Dixit é um jogo de cartas francês criado por Jean-Louis Roubira, ilustrado por Marie Cardouat e publicado pela Libellud em dezembro de 2008 para 3 a 8 jogadores. O diferencial concreto está em trocar pergunta fechada por pista subjetiva, onde uma carta sem texto precisa ser reconhecida por parte da mesa, mas não por todo mundo.

A caixa base usa 84 ilustrações grandes e sem texto, o que faz a partida depender de associação, repertório e leitura social em vez de depender só de memória ou sorte. Essa estrutura aprofunda o jogo pois cada rodada muda conforme quem narra, quem vota e quem tenta esconder uma carta parecida o bastante para confundir sem quebrar a pista principal.

Pistas, cartas escondidas e mesa sem texto

Foto oficial de Dixit com cartas e componentes na mesa
Cartas, peões e trilha.

Em Dixit, a caixa base de 84 cartas faz a pessoa narradora escolher uma carta da mão e anunciar um tema inspirado pela imagem, enquanto os outros jogadores separam cartas que também pareçam combinar com esse tema. As cartas entram embaralhadas na mesa e a votação tenta descobrir qual era a carta original, criando uma disputa em que a melhor pista não pode ser óbvia nem vaga demais.

Esse desenho de Dixit é simples de explicar e difícil de dominar, pois cada grupo cria limites próprios para metáforas, referências e pistas sonoras enquanto tenta ler a intenção de quem narrou sem deixar a rodada automática.

Na mesaMuda assim
NarradorDá uma pista curta e tenta guiar só parte do grupo.
Outros jogadoresEscolhem cartas parecidas para disputar votos.
VotaçãoPremia a leitura certa sem deixar a rodada automática.

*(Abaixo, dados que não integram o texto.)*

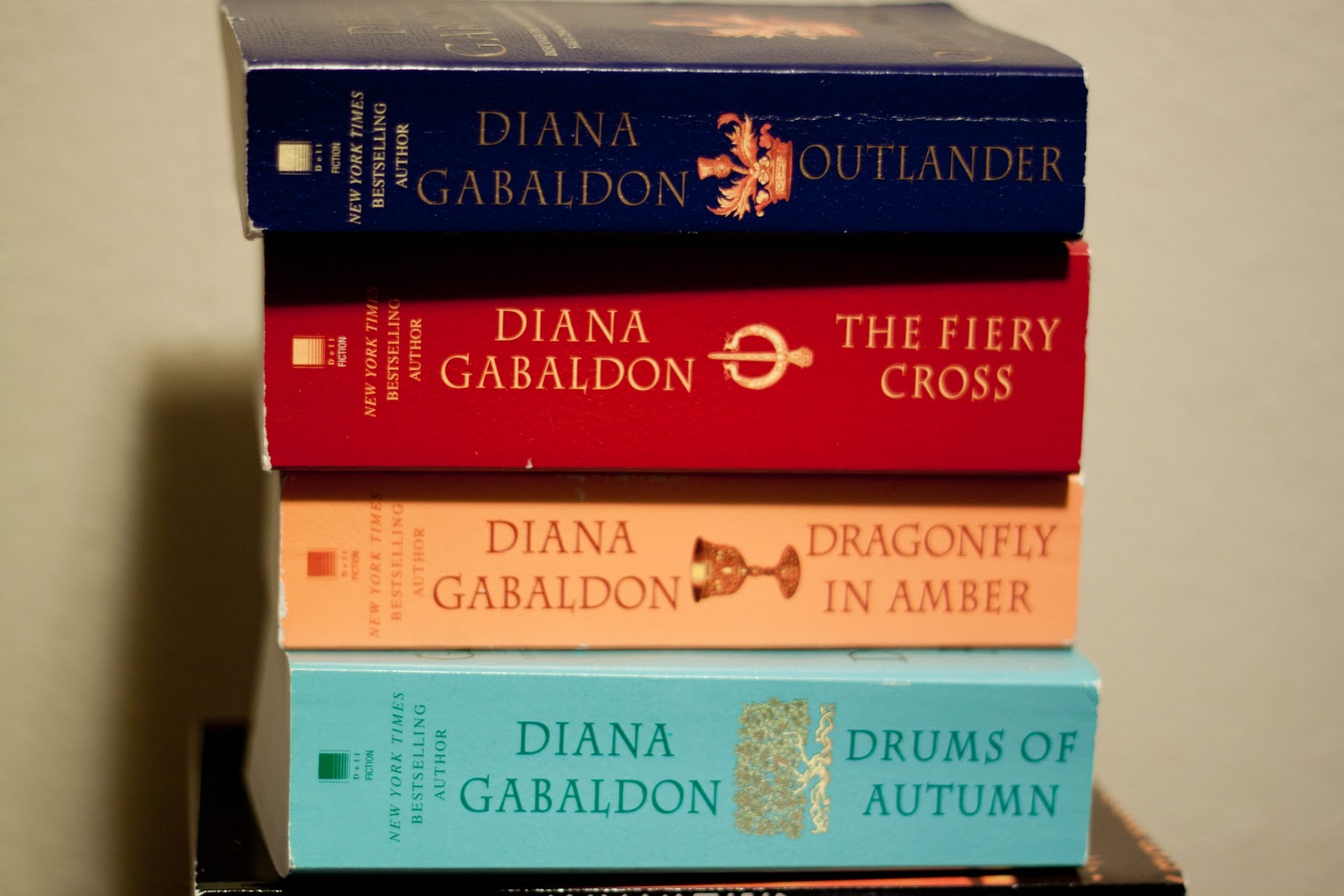 Dragonfly In Amber Onread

A tabela é útil pois mostra onde Dixit fica diferente de um jogo de adivinhação simples, já que a pontuação quer uma pista com meio-termo e transforma a criatividade em equilíbrio de risco.

Votos, coelhos e pontuação de meio-termo

Foto oficial de Dixit durante a escolha de cartas
Pistas e cartas em segredo.

A trilha de pontuação usa peças em forma de coelho para marcar visualmente o avanço de cada jogador, enquanto a mesa alterna o papel de narrador para que todos tenham chance de propor imagens, palavras, sons ou ideias. Esse revezamento é importante para o ritmo familiar do jogo pois evita que uma única pessoa controle a partida e faz cada grupo criar seu próprio vocabulário de pistas.

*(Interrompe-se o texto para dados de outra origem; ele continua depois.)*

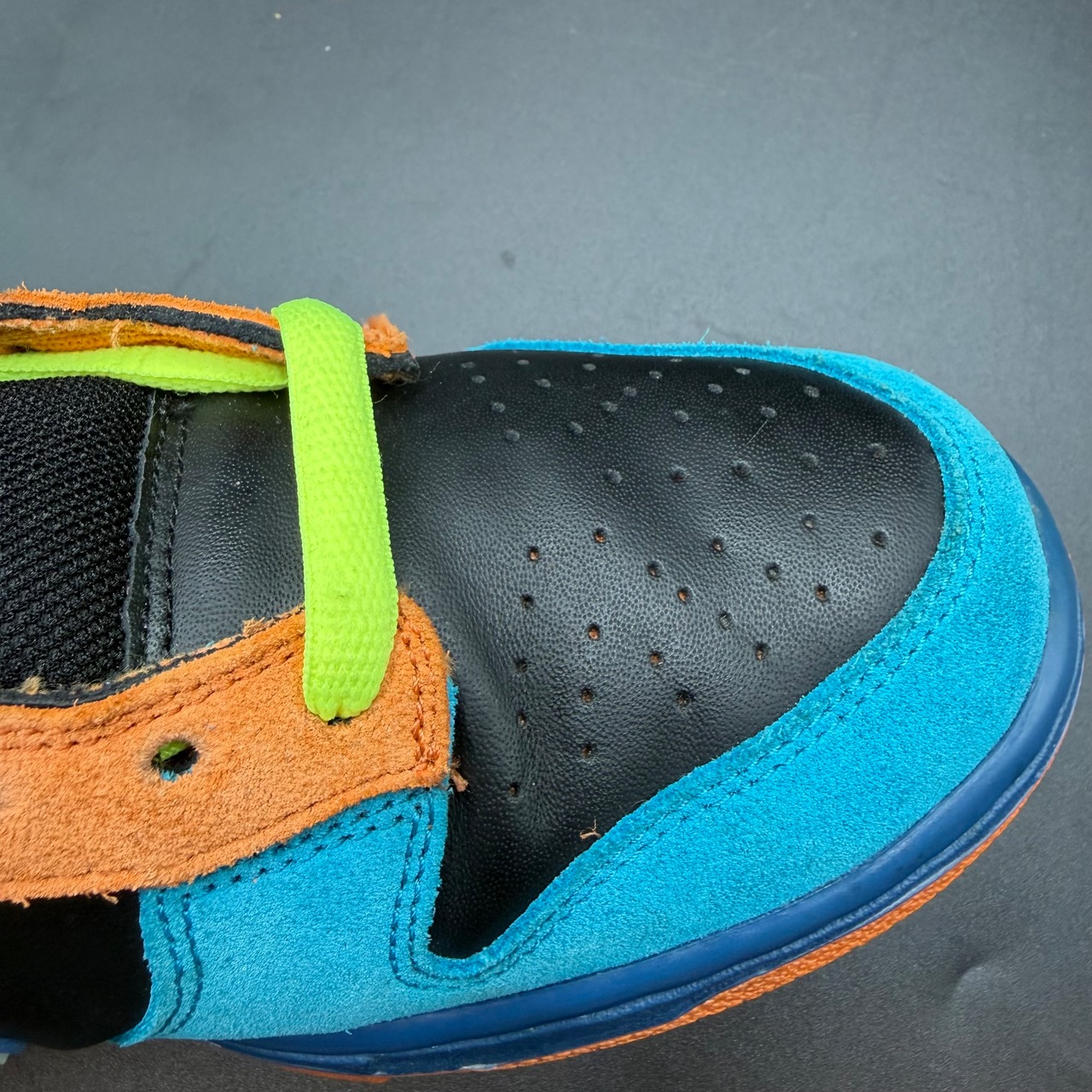 SB DUNK LOW SKATE OR DIE 304292-073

O sistema de votos também dá espaço para blefe leve, pois uma carta escolhida por outro jogador pode parecer mais convincente do que a carta do narrador. A tensão faz com que Dixit funciona melhor quando a mesa aceita pistas ambíguas, piadas internas e referências compartilhadas sem transformar a rodada em charada matemática.

Cartas sem texto, expansões e curiosidades premiadas

Dixit - Presentation - EN
Trailer de Dixit.

As expansões oficiais mantêm a lógica de cartas grandes e sem texto, permitindo misturar conjuntos para variar a sensação da mesa sem mudar o núcleo da regra. A própria linha de recursos da Libellud lista Dixit Odyssey, Dixit Quest, Dixit Journey, Dixit Origins, Dixit Daydreams, Dixit Memories, Dixit Revelations, Dixit Harmonies, Dixit Anniversary e Dixit Mirrors, o que explica por que a série cresceu em torno de novos ilustradores e atmosferas.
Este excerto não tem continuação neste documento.